The council urged the government "to increase budget allocations to this critical growth area at this time and to work towards the maximum levels of coherence across all funding agencies in order to ensure that the greatest possible impact on lowering emissions is achieved".
Under Budget 2026, €88 million was allocated to the TAMS capital investment scheme for next year.
"There continues to be significant farmer demand for this scheme with over 6,100 applications to the most recent tranche and this increased allocation of €88 million will require careful management," Minister Heydon said at the time.
In the review, the CCAC also warned that Ireland remains "substantiallyoff track" in meeting its EU and national emissions reduction targets by 2030.
Ireland has failed to achieve the targeted emission reductions during the first Carbon Budget period (2021-2025).
Instead of the maximum emissions of 295 million tonnes of carbon dioxide equivalent (Mt CO2eq) set out in the carbon budget to 2025, this will be overshot by about 10 Mt CO2eq.
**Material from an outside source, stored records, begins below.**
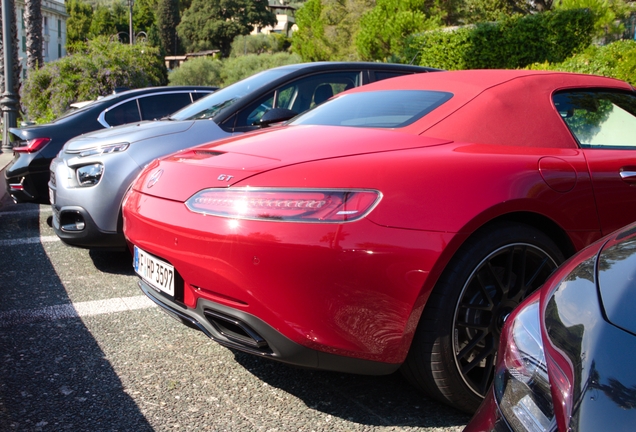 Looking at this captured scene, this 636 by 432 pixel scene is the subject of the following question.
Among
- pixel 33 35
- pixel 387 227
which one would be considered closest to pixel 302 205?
pixel 387 227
The council said that progress in the agriculture and transport sectors, which collectively account for approximately 55% of Irish emissions, is "proving particularly slow and challenging".
It urges the government "to move from ambitious statements to implementing impactful and demonstrable actions that build momentum and public buy-in".
The council once again called out transport, where it said "emissions remain stubbornly high".
It recommended increased expenditure on public transport, increased grants for less expensive electric vehicles (EVs) and the rapid implementation of a demand management strategy.
The CCAC warned that failure to meet targets will potentially result in substantial compliance costs for Ireland, estimated to be in the range of €8–26 billion.
In 2024, fossil fuel subsidies totalled €4.7 billion, while households paid €3.4 billion in environmental taxes.
"The net effect of these measures is that they are encouraging the increase rather than reduction of greenhouse gases (GHG) through the tax system," the report said.
The CCAC was also critical of the failure to transpose EU directives into national law fully and on time.
Marie Donnelly, xhair of the Climate Change Advisory Council acknowledged that progress has been made in certain areas.
She pointed to the increased uptake of protected urea in agriculture and the growth in the development of renewable energy especially wind and solar.
"However, we need to redesign how we commute, heat homes, and power the economy.
"That means real investment in people, infrastructure, and communities, not more delay.
"We have the opportunity and the resources to transform Ireland, both in terms of reducing emissions and preparing for future climate events.
"We must act now because if we don’t, we will pay the financial and societal price by losing out on secure and affordable energy, a healthier and more sustainable society, both today, and for future generations," she said.